Web page caption snippets:
=-=-=

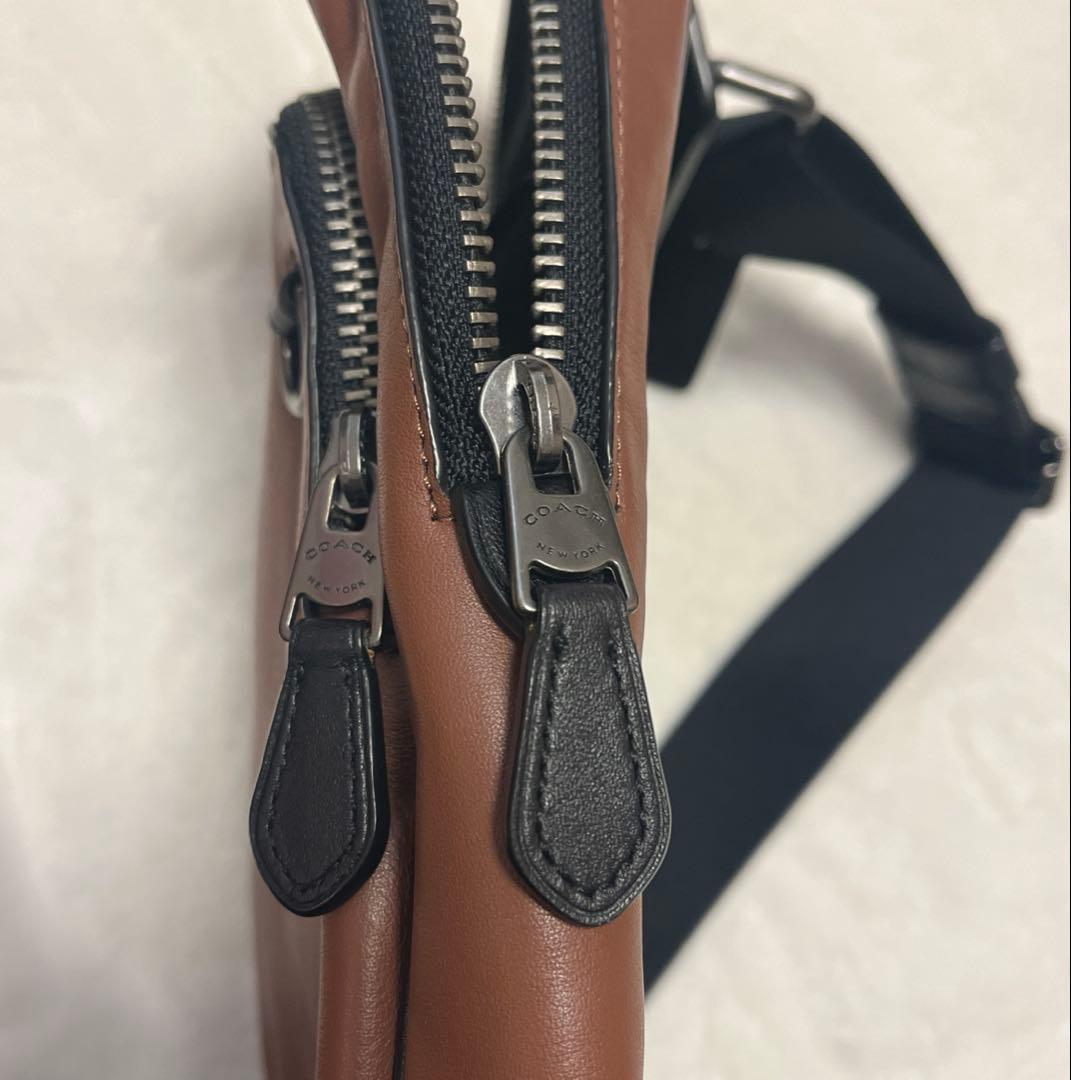 【未使用】COACH ボディバッグ レザー　ブラウン×ブラック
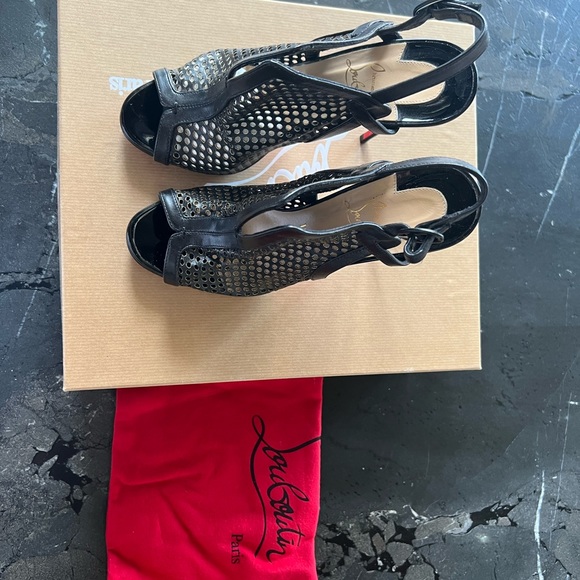 CHRISTIAN LOUBOUTIN
Escriminette 120mm Version - Picture 6 of 9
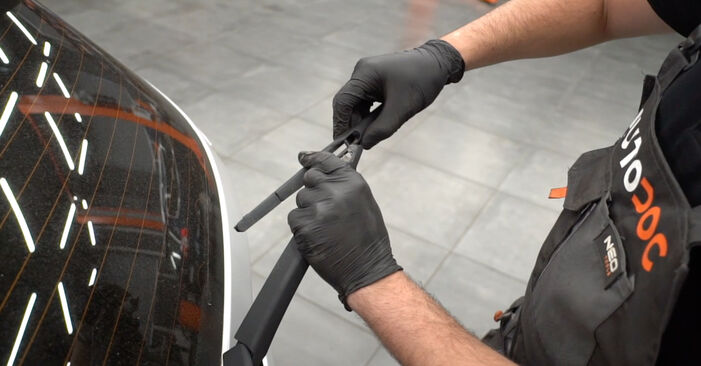 Tauschen Sie Scheibenwischer beim FORD Fiesta Mk6 Schrägheck (JA8, JR8) 1.5 TDCi 2011 selbst aus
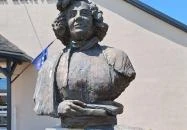 Ember Mária-mellszobor Abádszalók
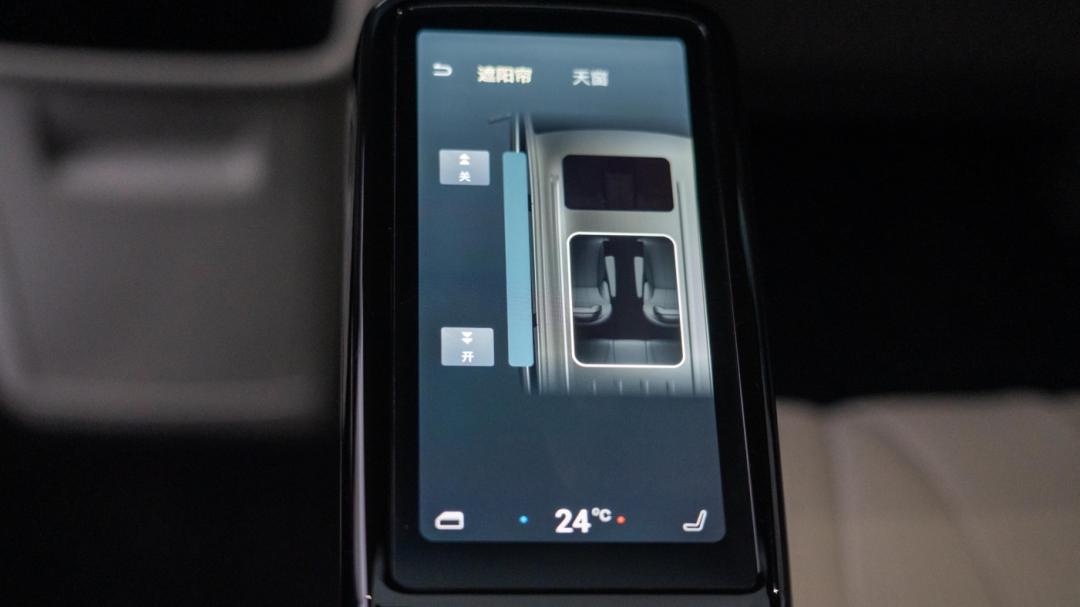 国产汽车比亚迪mpv腾势,国产mpv排行榜前十名腾势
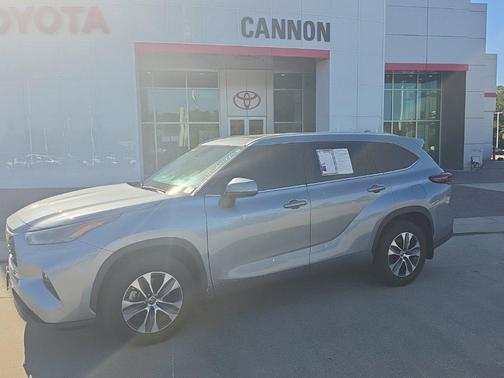 Moon Dust 2024 Toyota Highlander XLE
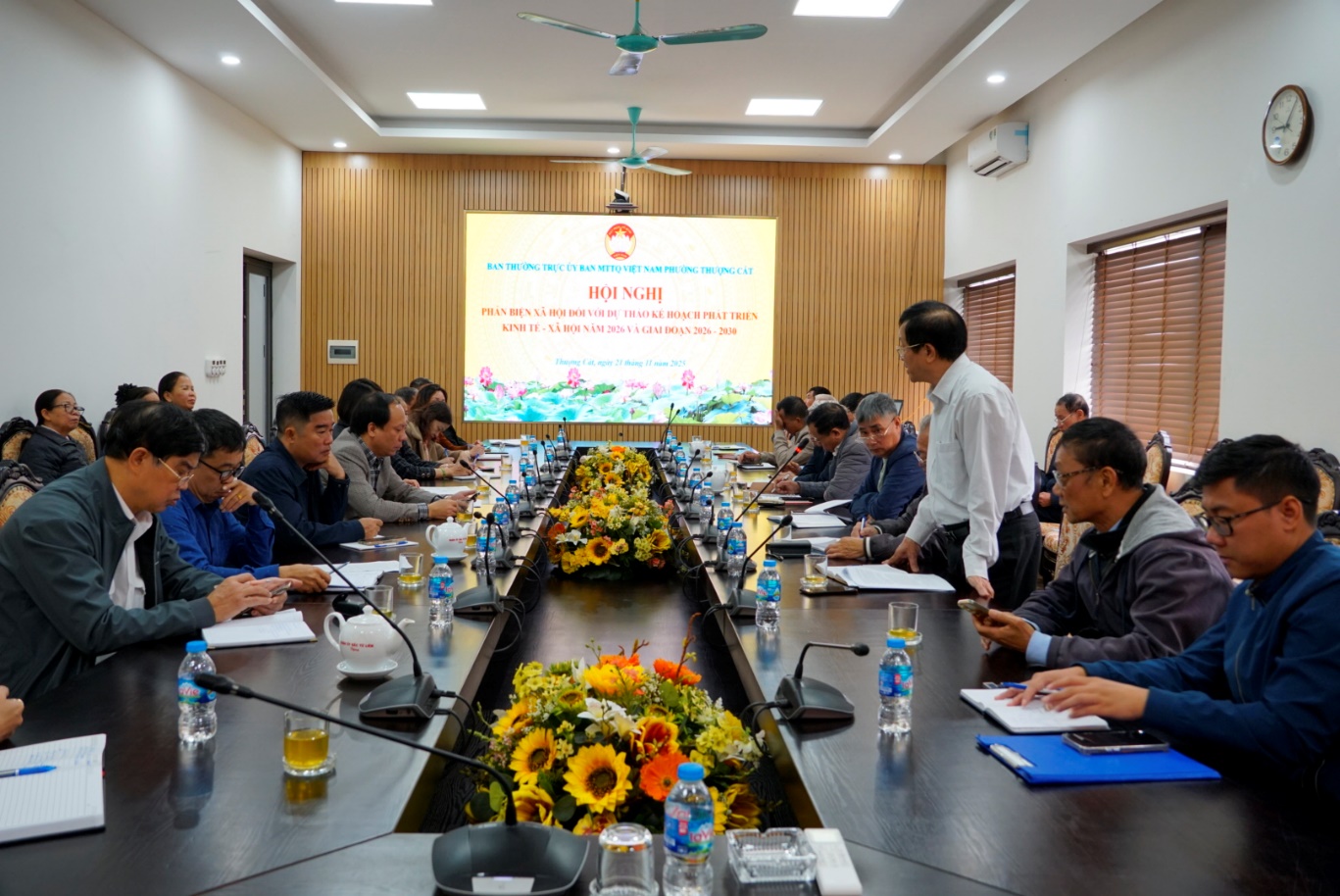 Ủy ban MTTQ Việt Nam phường Thượng Cát tổ chức hội nghị phản biện xã hội đối với Dự thảo Kế hoạch phát triển kinh tế - xã hội năm 2026 và giai đoạn 2026–2030 của UBND phường Thượng Cát- Ảnh 1.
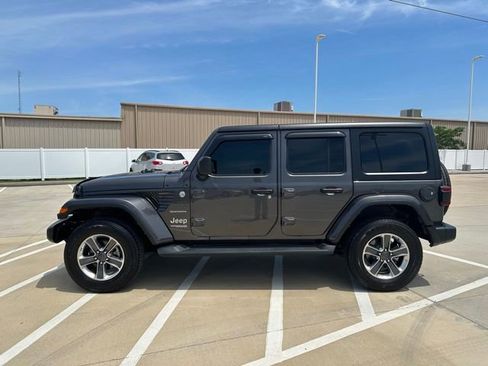 Used 2021 Jeep Wrangler Unlimited Sahara AWD/4WD image 14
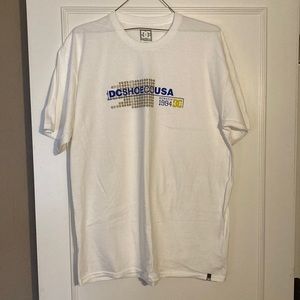 DC Shoes T-Shirt Size Large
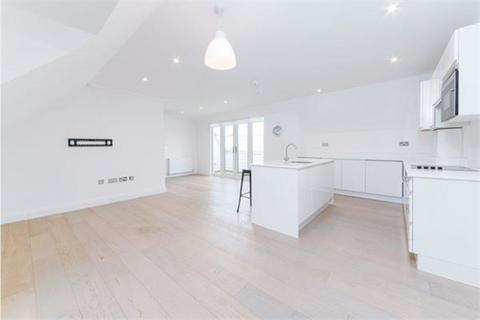 2 bedroom apartment to rent, Whitehall Road, Woodford Green IG8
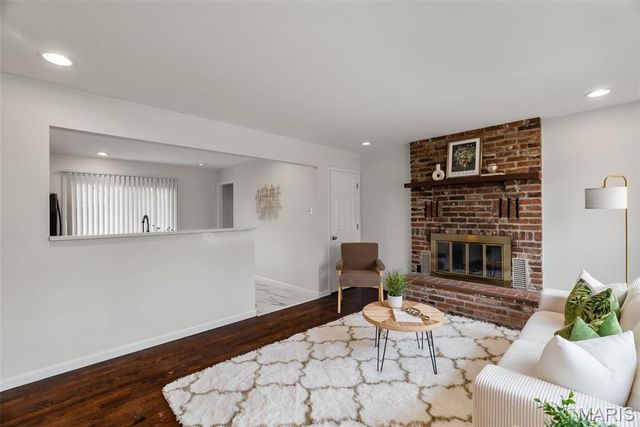 12 Lennox Terrace, Maryland Heights, MO 63043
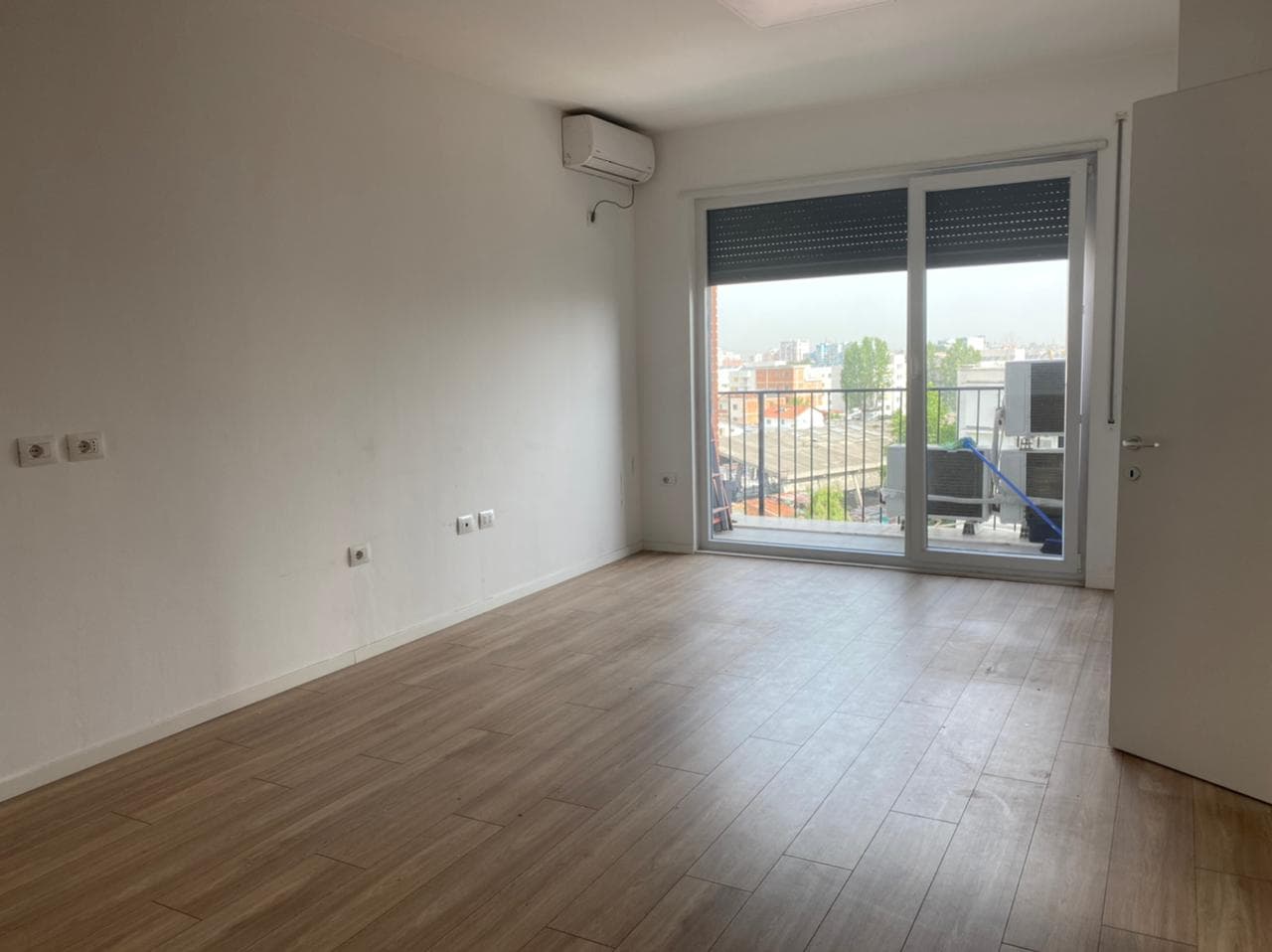 Jepet me Qira Ambient per Zyra tek Rruga Forsina Plaku, prane 21 Dhjetorit! 4
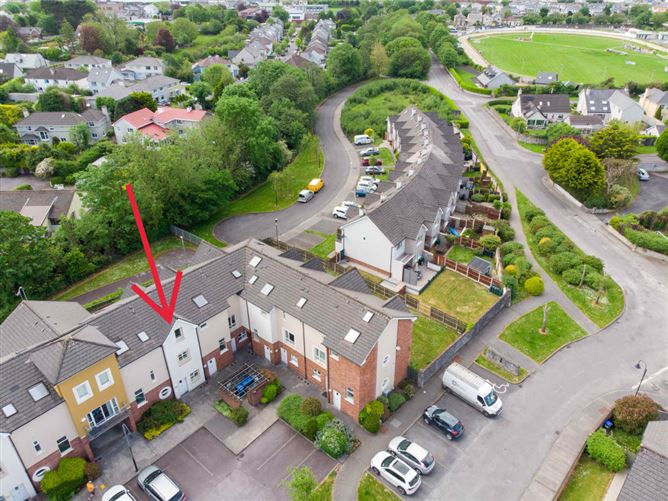 Photo 2 of 12 — 9 Brook Lodge House, Oakview Village, Tralee, Co. Kerry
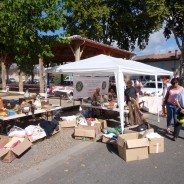 Brocante à Port-Sainte-Foy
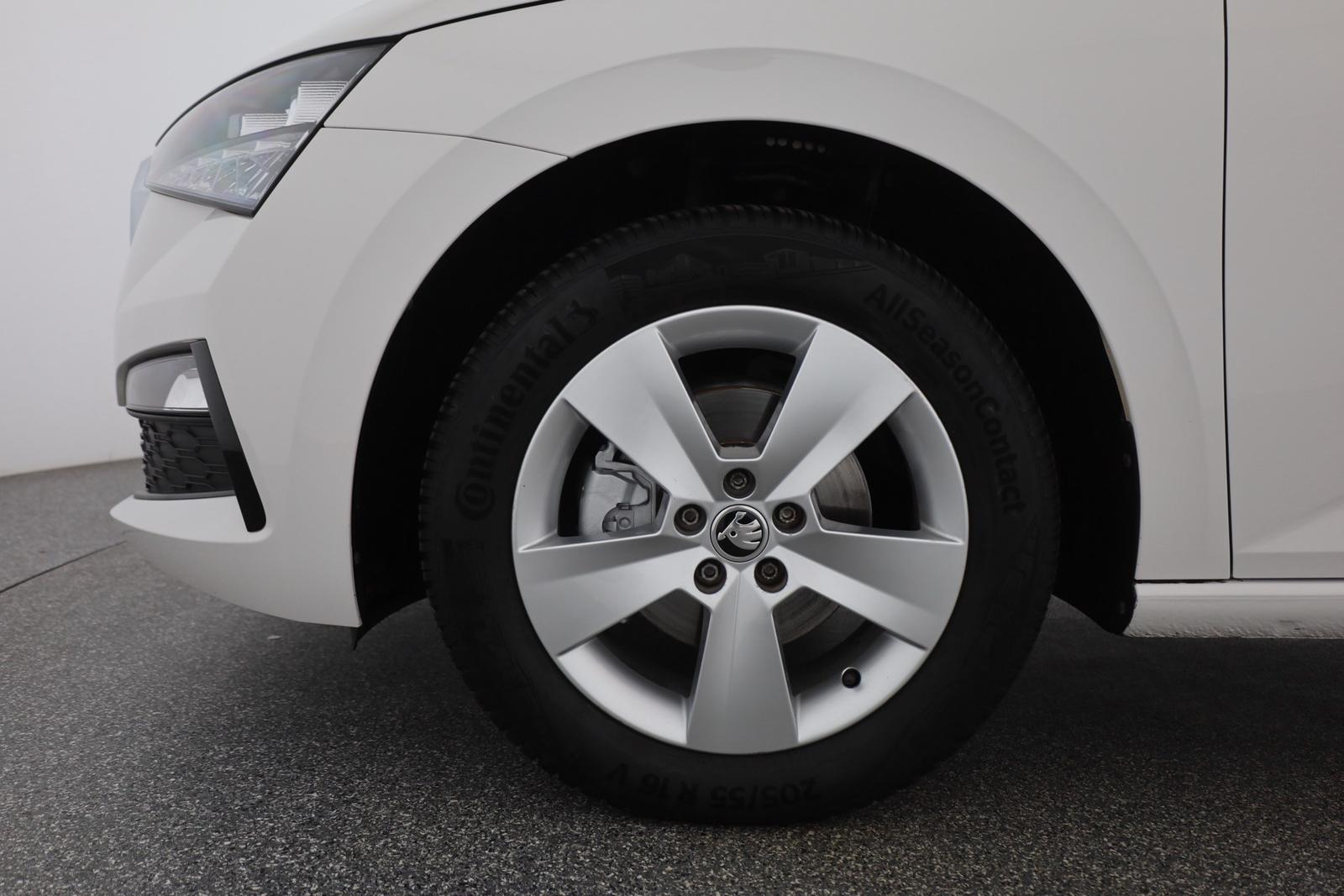 Skoda Scala 1.0 TSI DSG LED Kamera Sitzheizung DAB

=-=-=

YOUR TASK →
All of the records must come back exactly as they stand, minus every picture.

RESULT OF THE EXERCISE →
 【未使用】COACH ボディバッグ レザー　ブラウン×ブラック
 CHRISTIAN LOUBOUTIN
Escriminette 120mm Version - Picture 6 of 9
 Tauschen Sie Scheibenwischer beim FORD Fiesta Mk6 Schrägheck (JA8, JR8) 1.5 TDCi 2011 selbst aus
 Ember Mária-mellszobor Abádszalók
 国产汽车比亚迪mpv腾势,国产mpv排行榜前十名腾势
 Moon Dust 2024 Toyota Highlander XLE
 Ủy ban MTTQ Việt Nam phường Thượng Cát tổ chức hội nghị phản biện xã hội đối với Dự thảo Kế hoạch phát triển kinh tế - xã hội năm 2026 và giai đoạn 2026–2030 của UBND phường Thượng Cát- Ảnh 1.
 Used 2021 Jeep Wrangler Unlimited Sahara AWD/4WD image 14
 DC Shoes T-Shirt Size Large
 2 bedroom apartment to rent, Whitehall Road, Woodford Green IG8
 12 Lennox Terrace, Maryland Heights, MO 63043
 Jepet me Qira Ambient per Zyra tek Rruga Forsina Plaku, prane 21 Dhjetorit! 4
 Photo 2 of 12 — 9 Brook Lodge House, Oakview Village, Tralee, Co. Kerry
 Brocante à Port-Sainte-Foy
 Skoda Scala 1.0 TSI DSG LED Kamera Sitzheizung DAB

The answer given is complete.